The researchers believe that this comprehensive approach to N-protein structure-function will enable development of innovative methods to block SARS-CoV-2 at different stages of its life cycle, thus inhibiting replication and transmission of the virus.
“The NSF project will use our 800 MHz NMR spectrometer and our expertise in intrinsically disordered proteins that is unique to OSU."

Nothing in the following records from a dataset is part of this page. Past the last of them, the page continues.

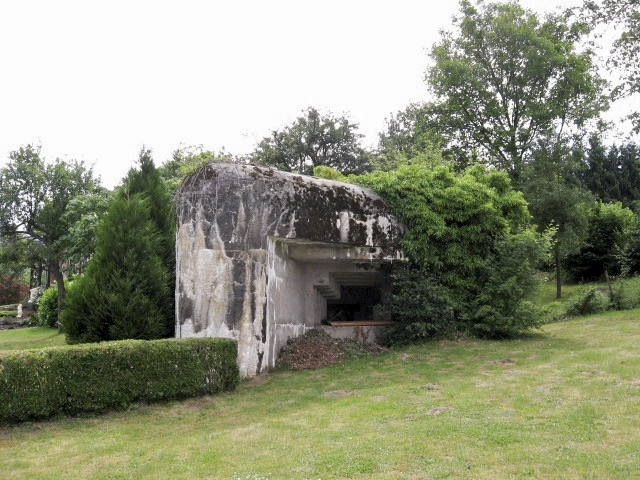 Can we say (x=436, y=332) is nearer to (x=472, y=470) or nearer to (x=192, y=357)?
(x=192, y=357)

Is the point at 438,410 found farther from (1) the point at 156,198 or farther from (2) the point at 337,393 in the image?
(1) the point at 156,198

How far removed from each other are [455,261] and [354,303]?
14.1 ft

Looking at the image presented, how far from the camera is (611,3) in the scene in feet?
52.4

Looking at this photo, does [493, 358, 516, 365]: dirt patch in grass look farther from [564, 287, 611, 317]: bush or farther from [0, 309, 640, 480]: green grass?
[564, 287, 611, 317]: bush

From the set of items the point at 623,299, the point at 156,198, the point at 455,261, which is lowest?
the point at 623,299

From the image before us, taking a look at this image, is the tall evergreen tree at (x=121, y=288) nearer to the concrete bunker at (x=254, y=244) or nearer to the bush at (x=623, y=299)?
the concrete bunker at (x=254, y=244)

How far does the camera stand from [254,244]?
365 inches

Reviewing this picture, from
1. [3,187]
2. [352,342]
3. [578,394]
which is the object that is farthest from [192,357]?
[3,187]

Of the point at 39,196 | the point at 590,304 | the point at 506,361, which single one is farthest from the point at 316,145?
the point at 506,361

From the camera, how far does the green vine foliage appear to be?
37.9 feet

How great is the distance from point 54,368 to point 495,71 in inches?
981

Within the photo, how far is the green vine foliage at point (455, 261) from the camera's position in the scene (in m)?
11.5

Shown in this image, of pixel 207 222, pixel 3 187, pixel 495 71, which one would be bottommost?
pixel 207 222

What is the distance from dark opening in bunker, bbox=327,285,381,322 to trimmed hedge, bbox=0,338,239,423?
283 inches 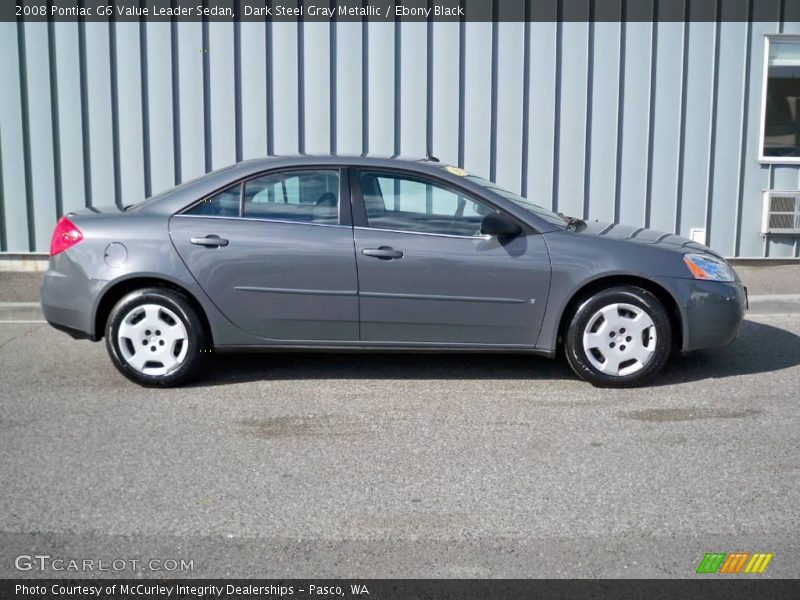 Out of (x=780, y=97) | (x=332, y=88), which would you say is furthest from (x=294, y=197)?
(x=780, y=97)

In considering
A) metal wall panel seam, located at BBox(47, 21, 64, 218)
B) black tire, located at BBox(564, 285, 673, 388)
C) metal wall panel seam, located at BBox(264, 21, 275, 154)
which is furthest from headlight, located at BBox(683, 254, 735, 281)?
metal wall panel seam, located at BBox(47, 21, 64, 218)

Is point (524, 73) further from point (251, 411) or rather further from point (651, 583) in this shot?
point (651, 583)

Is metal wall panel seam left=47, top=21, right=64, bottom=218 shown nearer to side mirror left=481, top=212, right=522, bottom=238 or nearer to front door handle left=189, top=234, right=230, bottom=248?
front door handle left=189, top=234, right=230, bottom=248

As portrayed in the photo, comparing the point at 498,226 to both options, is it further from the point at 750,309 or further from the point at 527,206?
the point at 750,309

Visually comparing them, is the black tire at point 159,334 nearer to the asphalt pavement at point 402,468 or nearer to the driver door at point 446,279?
the asphalt pavement at point 402,468

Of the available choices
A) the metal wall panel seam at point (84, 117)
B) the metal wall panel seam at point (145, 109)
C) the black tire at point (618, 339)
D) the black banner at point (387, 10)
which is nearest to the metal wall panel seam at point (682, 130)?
the black banner at point (387, 10)

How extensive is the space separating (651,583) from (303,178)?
11.7 feet

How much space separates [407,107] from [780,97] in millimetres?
4003

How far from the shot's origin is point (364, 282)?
5934mm

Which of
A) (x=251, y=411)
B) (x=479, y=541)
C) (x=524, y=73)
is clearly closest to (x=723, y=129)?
(x=524, y=73)

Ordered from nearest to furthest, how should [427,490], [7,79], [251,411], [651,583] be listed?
[651,583] → [427,490] → [251,411] → [7,79]

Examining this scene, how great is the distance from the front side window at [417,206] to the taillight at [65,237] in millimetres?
1857

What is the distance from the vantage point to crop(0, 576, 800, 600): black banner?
343 cm

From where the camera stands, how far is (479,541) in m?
3.87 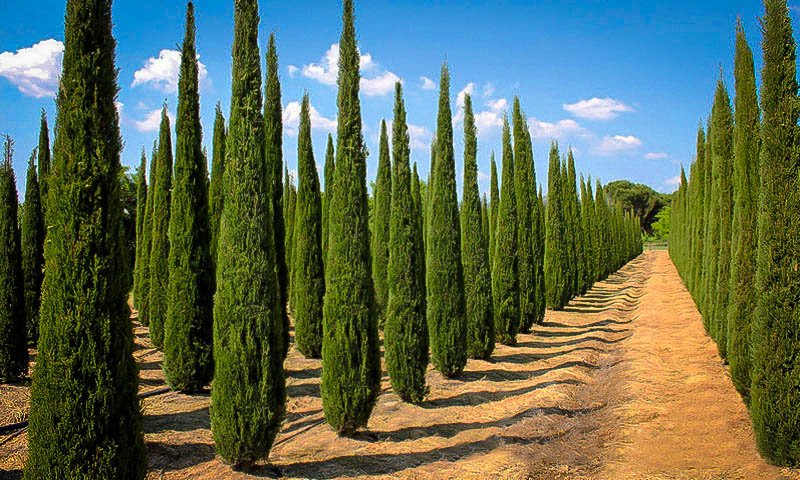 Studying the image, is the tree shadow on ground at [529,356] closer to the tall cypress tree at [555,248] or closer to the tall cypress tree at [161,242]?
the tall cypress tree at [555,248]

The coronavirus protein research extends Barbar’s very well-established research program in biochemical research on intrinsically disordered proteins (IDP). She and her team discovered that the intrinsically disordered state of the protein ASCIZ, a key transcription factor in cells, plays a major role in regulating production of the protein LC8, a hub protein regulating over 100 other proteins critical to a wide range of life processes from viral infection to tumor suppression to cell death. Her work on IDPs, a hot frontier of research in biochemical and medical research today, has far-reaching implications due to their critical role in a vast array of cellular functions.

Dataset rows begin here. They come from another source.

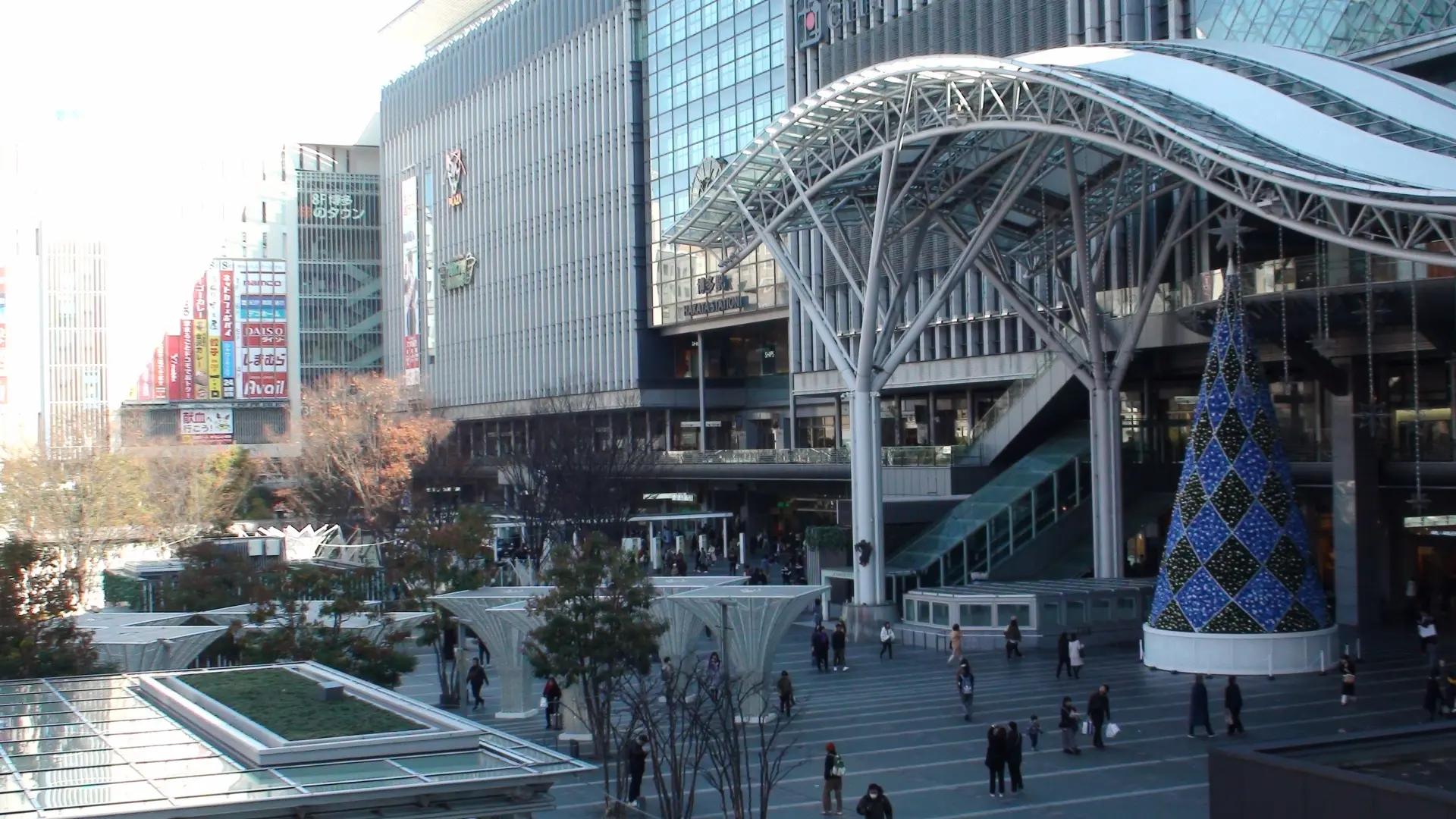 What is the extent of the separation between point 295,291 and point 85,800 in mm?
111768

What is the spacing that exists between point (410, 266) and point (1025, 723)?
81.8 meters

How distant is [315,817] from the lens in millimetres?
10898

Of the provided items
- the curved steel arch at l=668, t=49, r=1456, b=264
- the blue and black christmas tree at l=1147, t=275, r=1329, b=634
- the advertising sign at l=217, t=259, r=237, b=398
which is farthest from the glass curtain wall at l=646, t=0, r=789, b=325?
the advertising sign at l=217, t=259, r=237, b=398

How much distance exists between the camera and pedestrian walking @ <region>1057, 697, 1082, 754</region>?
68.1 feet

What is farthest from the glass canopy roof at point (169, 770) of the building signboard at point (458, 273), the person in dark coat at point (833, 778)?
the building signboard at point (458, 273)

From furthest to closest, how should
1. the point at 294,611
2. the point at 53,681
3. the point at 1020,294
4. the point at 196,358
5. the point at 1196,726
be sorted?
the point at 196,358
the point at 1020,294
the point at 294,611
the point at 1196,726
the point at 53,681

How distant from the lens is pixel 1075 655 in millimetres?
27500

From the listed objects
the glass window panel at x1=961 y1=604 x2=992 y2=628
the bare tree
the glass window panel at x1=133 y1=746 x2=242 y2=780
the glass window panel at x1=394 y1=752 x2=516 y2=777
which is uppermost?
the bare tree

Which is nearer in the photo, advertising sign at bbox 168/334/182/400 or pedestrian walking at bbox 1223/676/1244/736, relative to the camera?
pedestrian walking at bbox 1223/676/1244/736

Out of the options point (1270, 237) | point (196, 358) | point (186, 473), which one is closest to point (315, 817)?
point (1270, 237)

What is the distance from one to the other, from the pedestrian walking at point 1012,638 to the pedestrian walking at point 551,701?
10.2 m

Barbar is the faculty director of Oregon State University’s cutting-edge NMR Facility. She and her colleagues pursue interdisciplinary research using NMR, and their work has strengthened the university’s reputation as a center for biological excellence. NMR, a powerful imaging tool, supports significant research on protein folding, gene discovery and biochemical structural informatics at OSU and in Oregon.
“The NSF project will use our 800 MHz NMR spectrometer and our expertise in intrinsically disordered proteins that is unique to OSU,” Barbar said.
Genesis of the project
The Barbar Lab recently published a paper on rabies virus phosphoprotein, fueling further inquiry on whether the SARS-CoV-2 pathogen has a phosphoprotein that is similar to rabies, and whether it binds LC8. Graduate student Heather Forsythe investigated and found that the N-protein has a similar architecture to the rabies virus phosphoprotein. The discovery paved the way for more focused research and literature review by Barbar and her students.
“My graduate and undergraduate students presented papers, worked on figures, and practically wrote the proposal,” said Barbar. Subsequent discussions of the project during the Biochemistry and Biophysics Department’s monthly Science Talks helped to generate enthusiasm and led to an expansion of the project with Hendrix and Cooley joining the collaboration.
Hendrix’s research utilizes bioinformatic approaches and data mining to understand connections between RNA and disease. Cooley studies protein transformation and phosphorylation using amino acid genetic code expansion — a rapidly growing protein engineering technology that has been developed by Oregon State biochemists.
“The team brings powerful complementary approaches to bear on understanding the biochemical fundamentals of N-protein that underlie any drug treatment or vaccine strategy,” said Barbar.